Moreover, we should consider that FMD assessment is an operator-dependent procedure. In an effort to overcome this limitation, we evaluated the reproducibility of the FMD protocol in advance on a characteristic sample set. Furthermore, to diminish operator-dependent variability and to increase reproducibility, a software approved by the Food and Drug Administration (FDA) was used for our study, permitting an automatic and real-time calculation of the vascular reactivity parameters.

Differences in BAD may represent a further confounding element, potentially affecting FMD values [66]. Interestingly, no significant change in BAD was documented in our study population during the overall study period, thus suggesting that the reported FMD changes are likely due to changes in vascular reactivity.
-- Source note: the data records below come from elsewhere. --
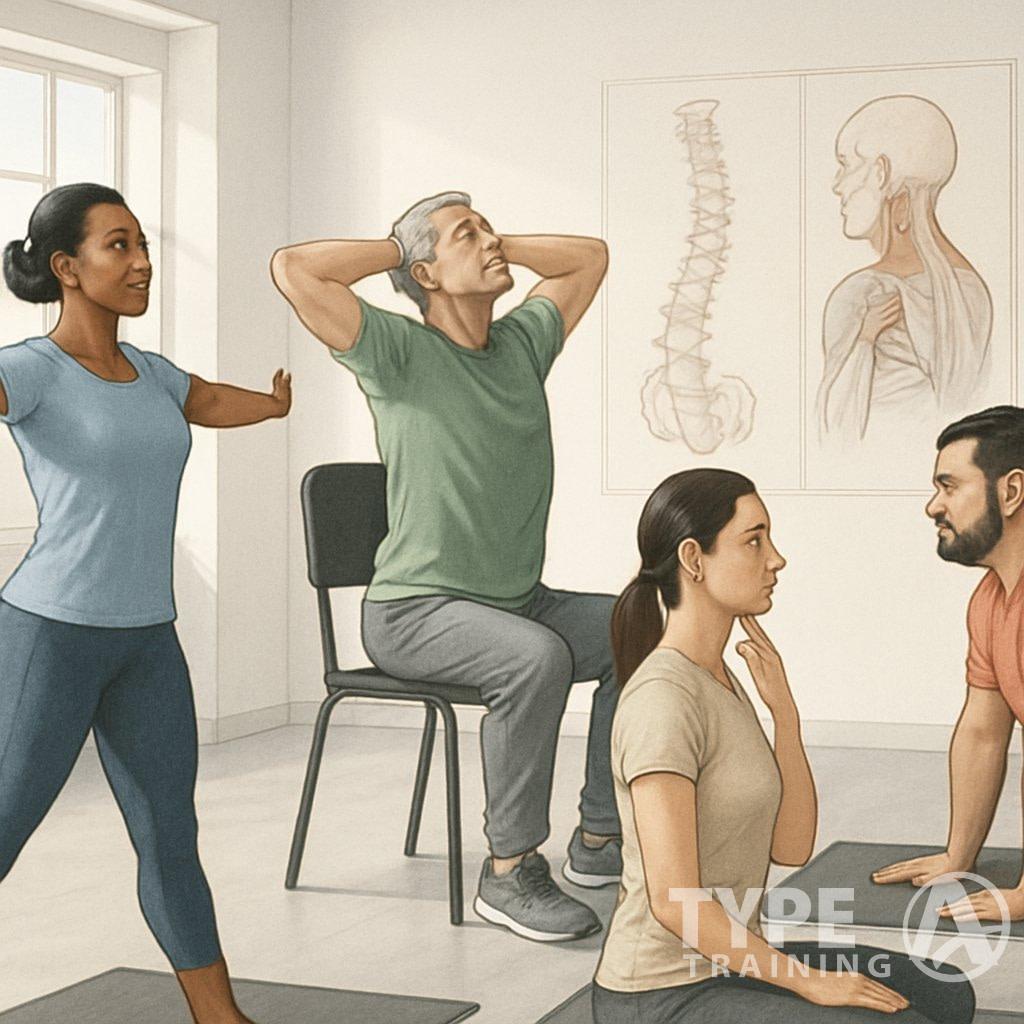 A group of adults in a fitness studio performing exercises to improve posture, including chest openers, thoracic extensions, and chin tucks.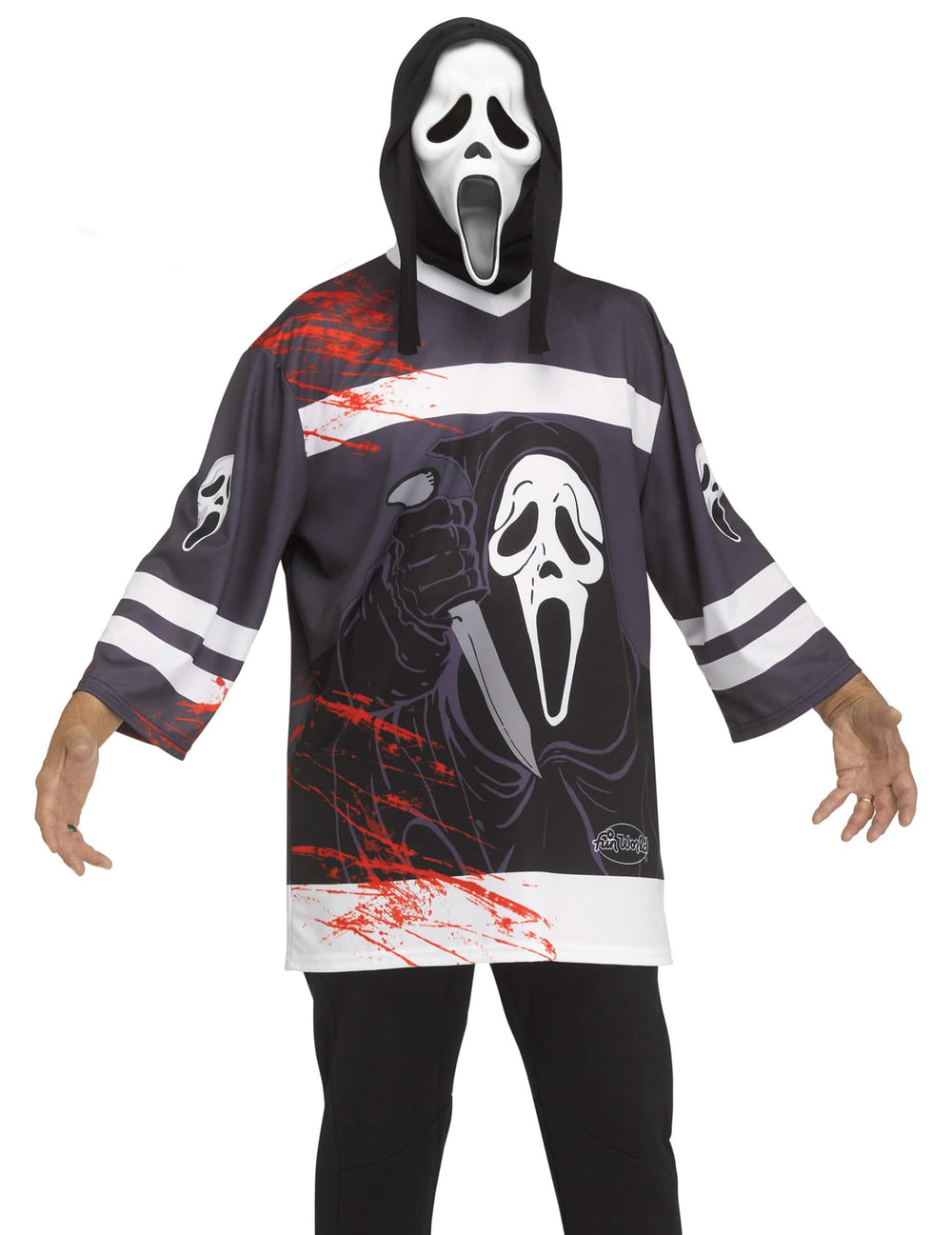 Déguisement Scream™ hockey pour adulte noir et blanc avec taches de sang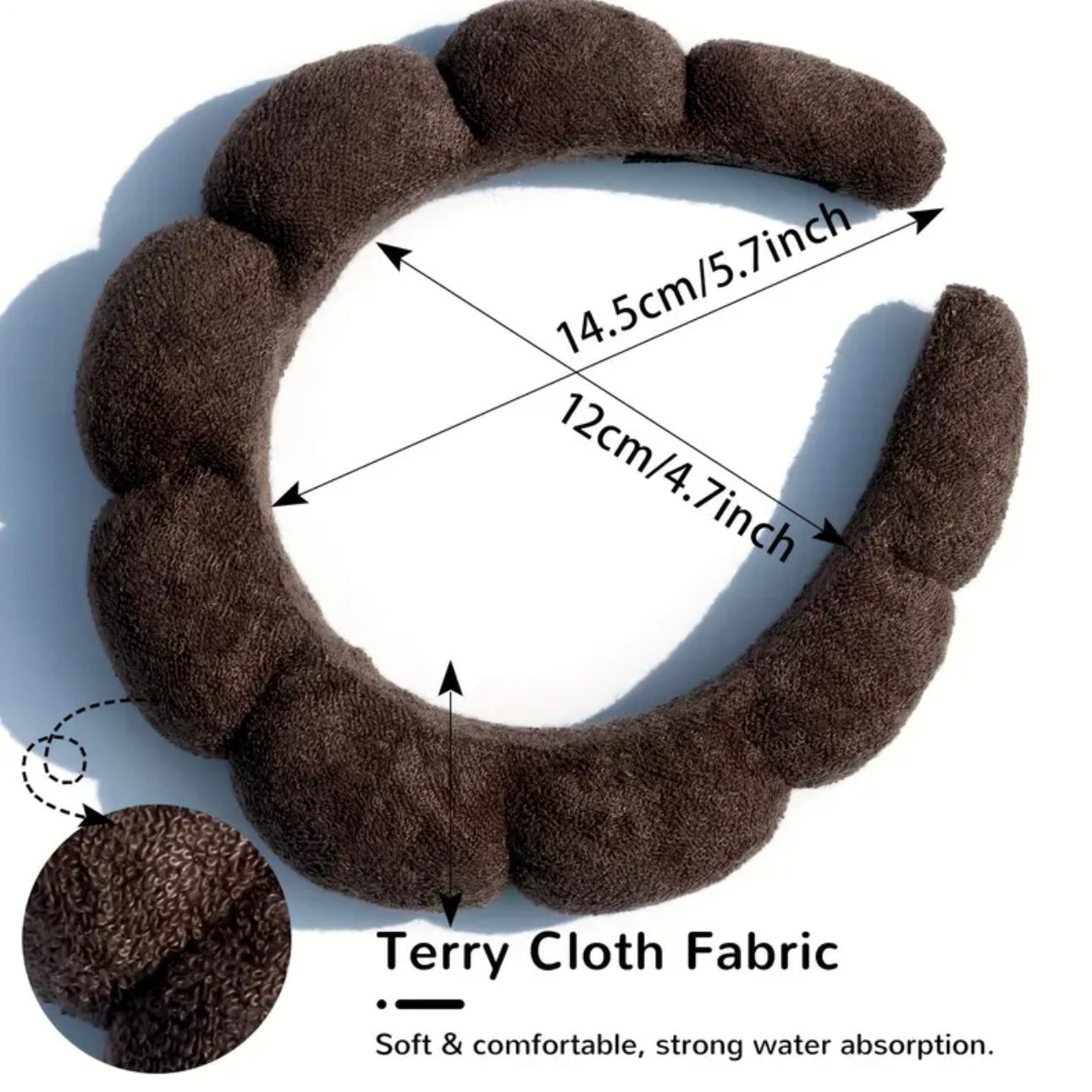 Zenora 5pcs Spa Headband & Wristband Set with Hair Claw Clips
Finally, we have to consider that our study population consisted of patients with a relatively high prevalence of concomitant CV risk factors, potentially affecting vascular reactivity [37]. To evaluate sources of heterogeneity, we performed a sensitivity analysis after stratifying patients according to the presence/absence of any traditional CV risk factor. Of interest, no significant difference was found between the two different study groups, thus partially offsetting the above limitation.

5. Conclusions

Our results suggest a potential role of PR in improving the endothelial function and CV risk of convalescent COVID-19 patients. Such improvement in a clinical measure of endothelial function may be positively correlated with the improvement in pulmonary function. Larger controlled studies are needed to confirm our preliminary findings. This study also supports the potential utility of periodic endothelial function testing in the follow-up of convalescent COVID-19 patients. This could help establish combined and more specific prevention and therapeutic strategies aimed at reducing the long-term CV risk of these patients.